Swedish developer Image & Form has launched SteamWorld Dig 2 as a sequel to the 2014 original. We focused on the Playstation Vita version for this review, but the game is also available for Nintendo Switch, PC, Mac and PS4. And if you own any of those systems, you need to own this game.
Image & Form’s library of titles is starting to remind me a little bit of the Oddworld titles that first graced the original Playstation about twenty years ago and have since made appearances on numerous systems. Both franchises feature recognizable and beloved game worlds with different approaches between the various games that use them – SteamWorld Heist is very different from the SteamWorld Dig games. But where the Oddworld franchise never quite reached the heights of the original Abe games, Image and Form’s SteamWorld franchise just seems to be getting stronger and stronger.
Narratively, SteamWorld Dig 2 follows the events of the first game, although protagonist Rusty has gone missing and you now follow Dorothy, a robot shopkeeper. Your job is to find out what happened to Rusty, while at the same time getting to the bottom of what’s been happening to city you live in. The entire area has been affected by strange earthquakes – and of course this ties in perfectly to the game’s theme of literally digging for ways to progress in the game.
If there was one thing I didn’t fully enjoy in the first SteamWorld Dig title it was that the digging sections felt a little too “Minecrafty” to me. I’m not a big Minecraft fan and enjoy when my games have a little more of a (linear) purpose to them and generally don’t want to spend tons of time aimlessly searching for what to do. SteamWorld Dig wasn’t nearly as “bad” as Minecraft in this regard, but SteamWorld Dig 2 is a real delight in how it features much more tightly designed underground sections, puzzles and pathways. I’m sure that, as a matter of personal preference, that won’t apply to everyone – but it certainly felt like a big improvement to me.
Mining and finding loot means you have funds to spend back in the city, and this allows you to upgrade your character and skillset. Skills can be turned on/off according to what you need for upcoming challenging, though special cogs that you can find will allow you to enable more and more customizations at once – which makes exploration fun and functional, and very rewarding when you find one or more of these cogs. Puzzles (and platforming challenges) generally communicate quite well what the general idea behind them is, so this makes the process of choosing how to equip yourself feel very purposeful.
Once you have a ton of ability unlocked and active, your options for exploring the world go up as well – this should please completionists looking for all the hidden nooks and crannies in the game. For those who don’t SteamWorld Dig 2 is relatively short – with about six hours of playing time if you’re just looking to complete the story campaign.

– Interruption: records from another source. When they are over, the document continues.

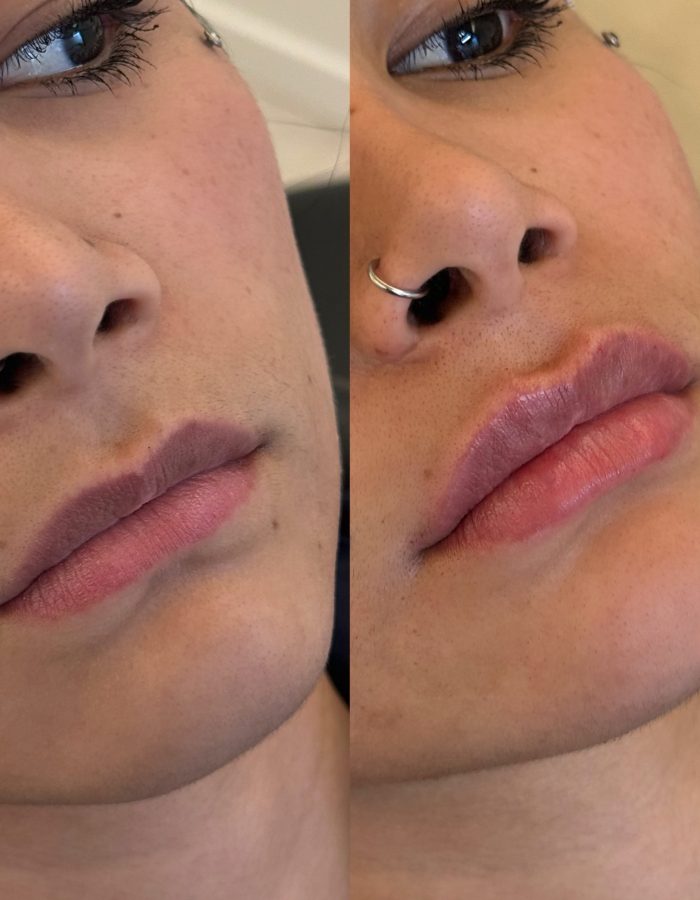 Aumento de Labios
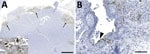 Detection of influenza virus antigen by immunohistochemistry in brain (A) and lung (B) of harbor seals (Phoca vitulina) infected by highly pathogenic avian influenza A(H5N1) virus, St. Lawrence Estuary, Quebec, Canada, 2022. A) Brain tissue. Multifocal areas of intense immunostaining (arrows) with staining of all structures are seen in the affected area, including neurons and neuropil (inset). Scale bar indicates 2 mm. B) Lung tissue. Positive immunostaining can be observed within alveolar septae (arrow) and in bronchiolar epithelial cells (arrowhead). Scale bar indicates 80 µm.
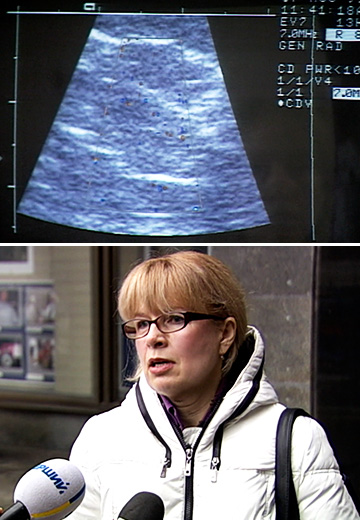Breast Cancer: Treatment Issues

For a Vita title, SteamWorld Dig 2 is a gorgeous, colorful and detailed example of a 2D game. As is the case with the gameplay, the game’s backdrops and locales have a more “designed” feel to them this time around, and this adds to the diversity and unique character of the various locations you’ll come across. The audio/music track is relatively unremarkable by comparison, although more melodic parts do swell up when you enter certain locations.
After the new Ys and Danganronpa V3, September was already a pretty good month for Vita owners. Image & Form shows that September isn’t just good for big productions like that, but also for indie gems like SteamWorld Dig 2.